You could trust the experts, the sommeliers. But that isn’t as trusty a source as you may think. As the U.S. television show Adam Ruins Everything explains, even sommeliers get tripped up when it comes to the sophisticated analysis they’re revered for.
So, what’s an aspiring wine drinker to do? What should they do when even the experts aren’t always sure of what to drink? The answer is simple: try some!
Might I suggest starting with South African wine?
My personal bias aside, you should give Rainbow Nation wines a sample if you haven’t already.
Getting Into Wine
From its start in 1659 to today, South Africa went from being one of the worst known wine producing countries to its current standing as an emerging market with ample choices. In recent years, South African wines became known as a viable, cost-efficient alternative to high-priced French and Napa Valley bottles. Whether you’re out at the liquor store or a restaurant, be sure to keep an eye out for a South African option. You are unlikely to find a better bottle for such a fair price.
Even if you can’t find a South African to sample, I recommend looking for the more cost-efficient options. Novice or expert, unless you find yourself in an ideal circumstance–like a vineyard tour or know exactly what bottle you want–the higher price options probably won’t enhance your experience all that much. If something has an intriguing bottle or the taste overview looks like something you want, give it a try! Usually, $10 to $15 will net you a quality bottle to try. If you approach your wine this way, it won’t matter if you buy an occasional dud wine.
This method allows you sample much more wine in a quicker choice. If you’re looking for South African, you can start with a Chenin Blanc, Cabernet Sauvignon or Colombard–our most popular types–for just a few dollars. Additionally, South Africa’s top 100 wines of 2015 reveal that the nation has a healthy mix of reds and whites to sample.

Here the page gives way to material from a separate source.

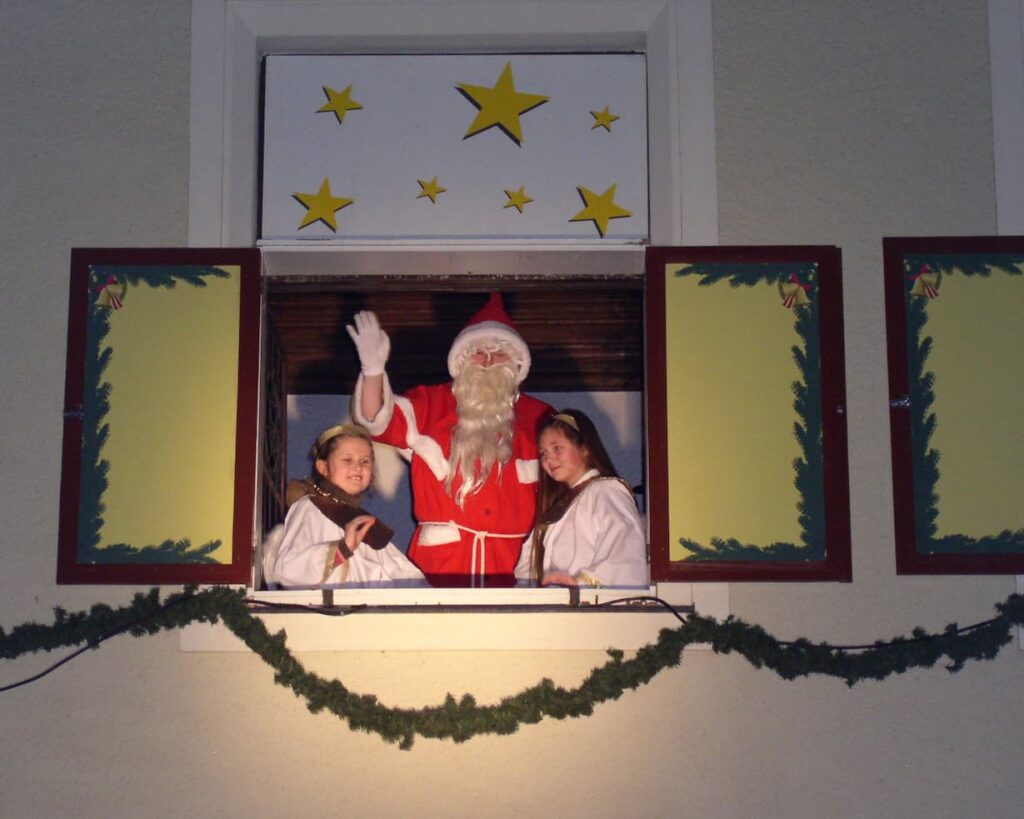 Advent calendar window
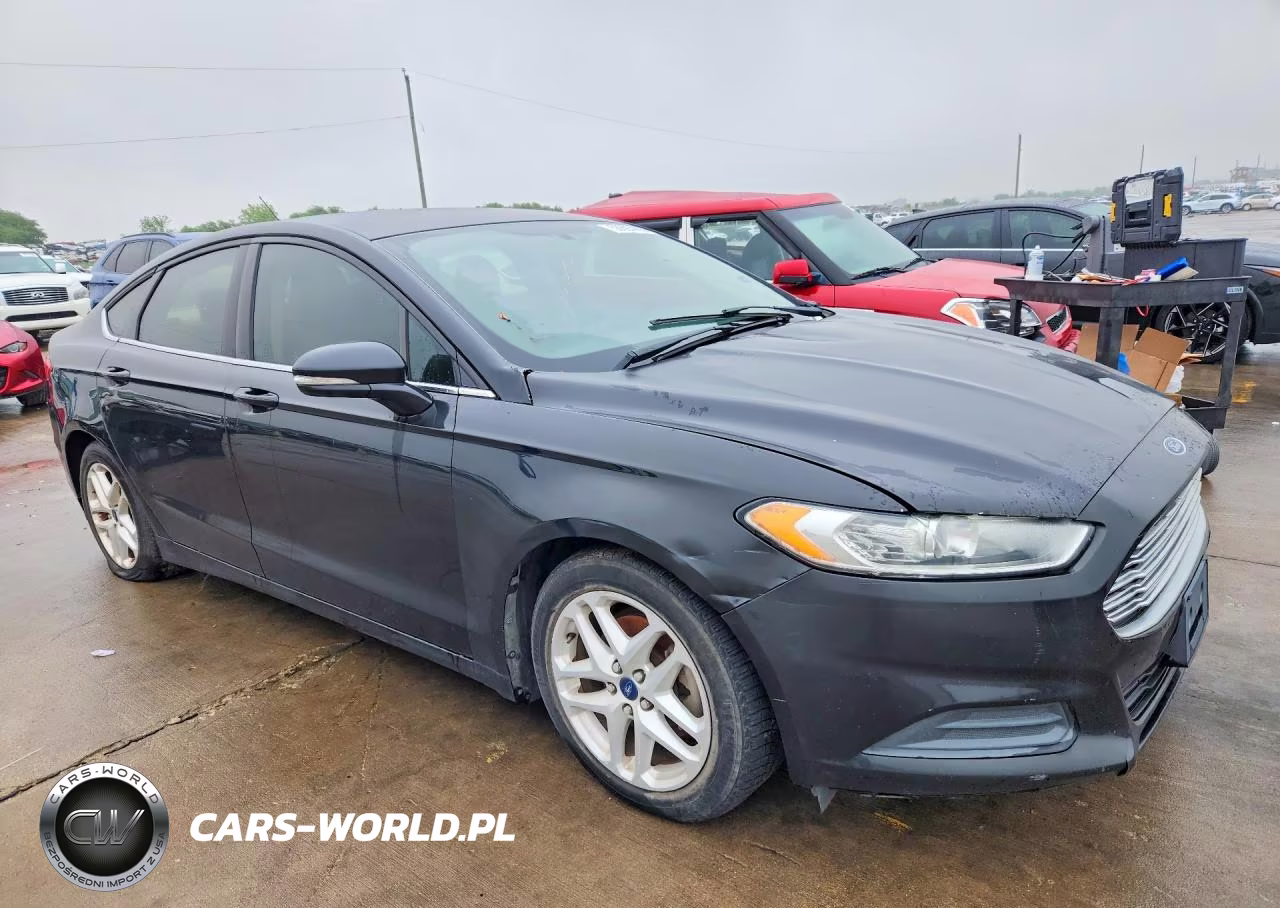 2015 Ford Fusion Se VIN:3FA6P0H76FR229322 - 4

From high price to wallet-friendly, South Africa now has your taste buds covered however you want to indulge.
Where Do I Go From Here?
Once you’re feeling part of the wine culture, it may be time to go on an excursion to see how it’s done. Again, might I mention South Africa? It may not be France, Italy or California regarding recognition, but South Africa’s picturesque landscapes and full fields of grapes are a sight worth seeing.
In its current state, the South African wine market hinges on two key components. The first is the country’s struggling dollar, the rand. With domestic curreny in a tumble, tourism to South Africa has become much cheaper. The rand’s struggles pair with increased investment from China and the U.S. while wine quality also continues to rise. The market is expected to double by 2025, so you might want to plan your trip sooner than later or face much higher costs.
However, this could change drastically as the country’s woes continue to plague the Western Cape. The farming sector is being battered by a slew of drought, fires, high temperatures and strong winds that cause severe losses for farmers in the region. It has gotten so bad recently that a bailout has been suggested.
Despite this, the hope for the market continues. Not just because of an increase in quality and notoriety. But also, because the wine industry is the latest to see a rise in black-owned vineyards, a significant sign of progression for the country as a whole. If the literal winds can align with the nation’s winds of change, wine could be a game-changer for South Africa as a whole–as well as its people still looking for a better foothold in the nation post-Apartheid.
Now that you know a bit more about its wine, be sure to lookout for wines from the Rainbow Nation next time you’re looking for an excellent, affordable taste. Be sure to come back here and let me know what you chose. There’s tons of options to choose from. I’d love to hear what you think!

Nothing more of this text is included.